The report’s authors found that fruit and vegetables had risen in price by up to 91 per cent in real terms between 1990 and 2012, a bigger increase than for other any other food group. “In high income countries over the last 30 years it seems that the cost of healthy items in the diet has risen more than that of less healthy options, thereby encouraging diets that lead to excess weight,” said Steve Wiggins, one of the authors of the report.
The report itself is here.
There’s a few things being missed. Weight is a function of calories in, calories expended. We don’t gain weight simply because we eat cheaper calories. So this cannot be an explanation for rising obesity levels. Further, all food has become cheaper relative to incomes, so if price really is determining what we eat then we might expect the diet to have become healthier. Whatever budget constraints we had on eating that “good” food have still been relaxed, whatever has happened to relative prices.

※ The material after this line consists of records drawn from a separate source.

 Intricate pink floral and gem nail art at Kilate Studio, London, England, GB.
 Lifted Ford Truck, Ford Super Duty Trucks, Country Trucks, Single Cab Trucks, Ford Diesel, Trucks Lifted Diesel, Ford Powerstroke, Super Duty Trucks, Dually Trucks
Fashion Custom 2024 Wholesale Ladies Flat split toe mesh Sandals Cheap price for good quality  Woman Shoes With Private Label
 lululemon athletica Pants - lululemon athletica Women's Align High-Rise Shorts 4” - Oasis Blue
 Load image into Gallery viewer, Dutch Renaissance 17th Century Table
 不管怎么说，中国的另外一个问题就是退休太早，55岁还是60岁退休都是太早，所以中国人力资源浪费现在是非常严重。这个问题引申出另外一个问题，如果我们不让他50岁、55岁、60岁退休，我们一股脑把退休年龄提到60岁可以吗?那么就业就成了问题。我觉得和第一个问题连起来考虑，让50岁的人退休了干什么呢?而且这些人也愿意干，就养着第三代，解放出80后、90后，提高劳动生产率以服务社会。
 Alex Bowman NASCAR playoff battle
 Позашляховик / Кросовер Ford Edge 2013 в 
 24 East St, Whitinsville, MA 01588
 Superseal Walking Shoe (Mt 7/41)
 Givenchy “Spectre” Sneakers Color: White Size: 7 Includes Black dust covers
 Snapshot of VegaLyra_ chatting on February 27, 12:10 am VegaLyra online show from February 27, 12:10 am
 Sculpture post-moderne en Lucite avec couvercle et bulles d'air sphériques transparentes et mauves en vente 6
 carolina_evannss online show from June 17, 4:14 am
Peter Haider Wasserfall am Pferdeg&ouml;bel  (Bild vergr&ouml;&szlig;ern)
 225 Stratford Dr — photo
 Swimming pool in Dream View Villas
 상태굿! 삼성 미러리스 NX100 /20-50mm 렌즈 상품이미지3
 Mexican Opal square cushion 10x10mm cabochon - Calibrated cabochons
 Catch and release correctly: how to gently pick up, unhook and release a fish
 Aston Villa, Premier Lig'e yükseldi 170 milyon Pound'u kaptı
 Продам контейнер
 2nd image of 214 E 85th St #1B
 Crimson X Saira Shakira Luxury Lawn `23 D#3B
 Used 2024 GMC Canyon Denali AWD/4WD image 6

But perhaps more importantly than this we’re not sure that we believe the price indices themselves. They appear to be looking at the prices that people actually pay for the goods, not at prices for a constant form or type or quantity. Thus it’s “prices of fruit” or “prices of vegetables” as they appear in the average consumer basket. And there’s a few changes in the composition of that consumer basket over those 30 years.
1) Around the year availability of alomst all fruits and vegetables. This is going to make the average price rather more than what it was when we relied upon the local and seasonal gluts. We also get very much more choice of very much more exotic fruits and vegetables and these are, not surprisingly, more expensive as well.
2) The rise of prepared foods. 30 years ago you could not wander into a supermarket and purchase a prepared salad, not a punnet of sliced fruit etc. Now one can and many do. This is obviously more expensive per unit of salad or fruit but we all seem happy enough to pay it.
3) The rise of organic and fair trade. These are both, by design, premium products at premium prices. And while they’re not a vast portion of the food market they are significant enough to influence a price index composed in the manner this report seems to.
So, the price index seems to be composed not of what we actually want to know (are apples more expensive than they used to be?) but of what we actually buy (are we buying more expensive foods, of greater variety and exotica, all year rather than seasonally, in a more prepared state?). So we’re afraid that we don’t actually believe the stated statistic, whatever problems we’ve got with the theory that they’re trying to push.